## [EXERCISE REQUIREMENTS]
Only the text of the records belongs in the answer; the pictures must be dropped.

(Beginning of THE RECORDS)

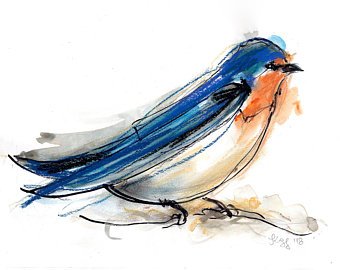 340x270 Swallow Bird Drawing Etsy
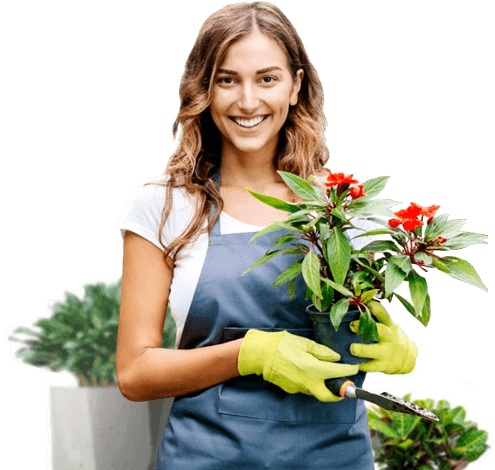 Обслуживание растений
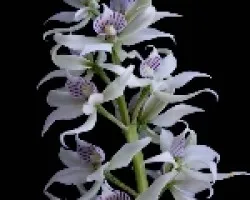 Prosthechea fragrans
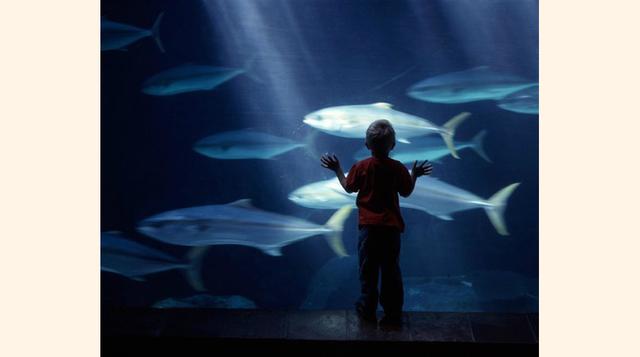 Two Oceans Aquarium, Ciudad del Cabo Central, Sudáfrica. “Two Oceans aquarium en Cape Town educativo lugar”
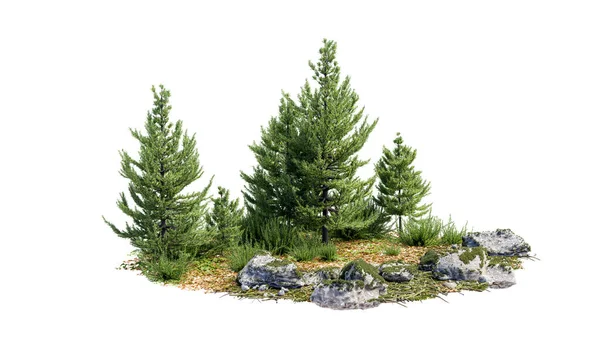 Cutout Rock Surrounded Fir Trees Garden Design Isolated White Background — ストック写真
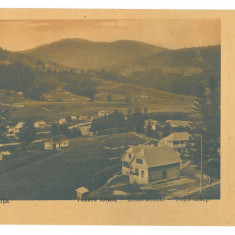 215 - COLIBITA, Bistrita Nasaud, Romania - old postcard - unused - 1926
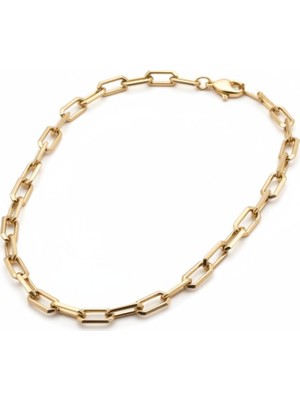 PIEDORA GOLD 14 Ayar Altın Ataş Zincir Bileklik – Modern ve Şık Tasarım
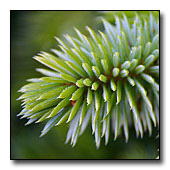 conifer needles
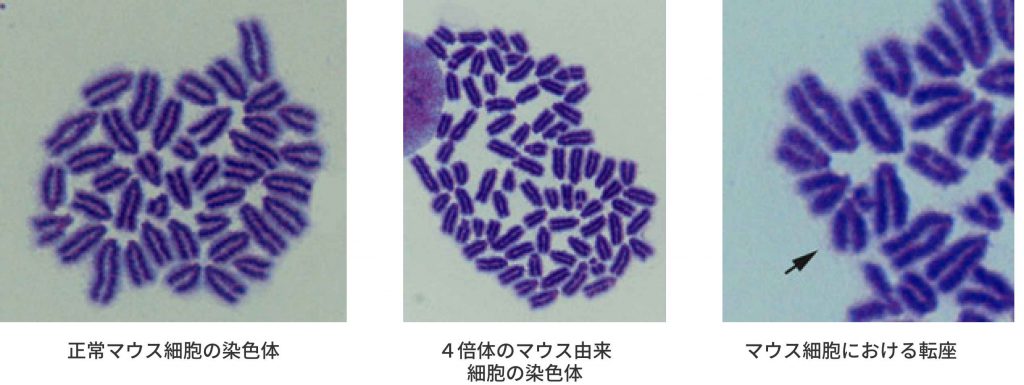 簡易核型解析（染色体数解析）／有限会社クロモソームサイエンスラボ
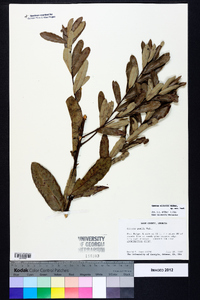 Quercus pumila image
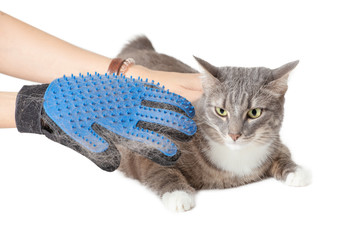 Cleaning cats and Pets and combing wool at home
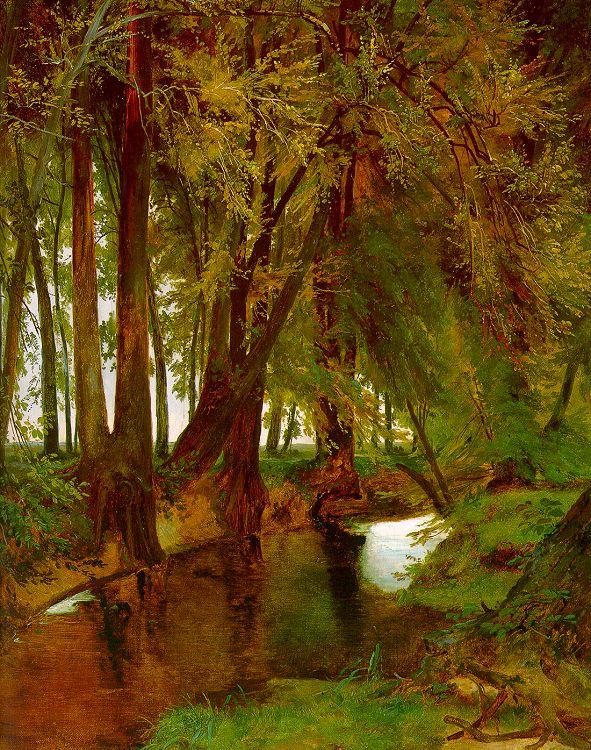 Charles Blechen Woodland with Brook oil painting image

(End of THE RECORDS)

## [ANSWER TO THIS EXERCISE]
 340x270 Swallow Bird Drawing Etsy
 Обслуживание растений
 Prosthechea fragrans
 Two Oceans Aquarium, Ciudad del Cabo Central, Sudáfrica. “Two Oceans aquarium en Cape Town educativo lugar”
 Cutout Rock Surrounded Fir Trees Garden Design Isolated White Background — ストック写真
 215 - COLIBITA, Bistrita Nasaud, Romania - old postcard - unused - 1926
 PIEDORA GOLD 14 Ayar Altın Ataş Zincir Bileklik – Modern ve Şık Tasarım
 conifer needles
 簡易核型解析（染色体数解析）／有限会社クロモソームサイエンスラボ
 Quercus pumila image
 Cleaning cats and Pets and combing wool at home
 Charles Blechen Woodland with Brook oil painting image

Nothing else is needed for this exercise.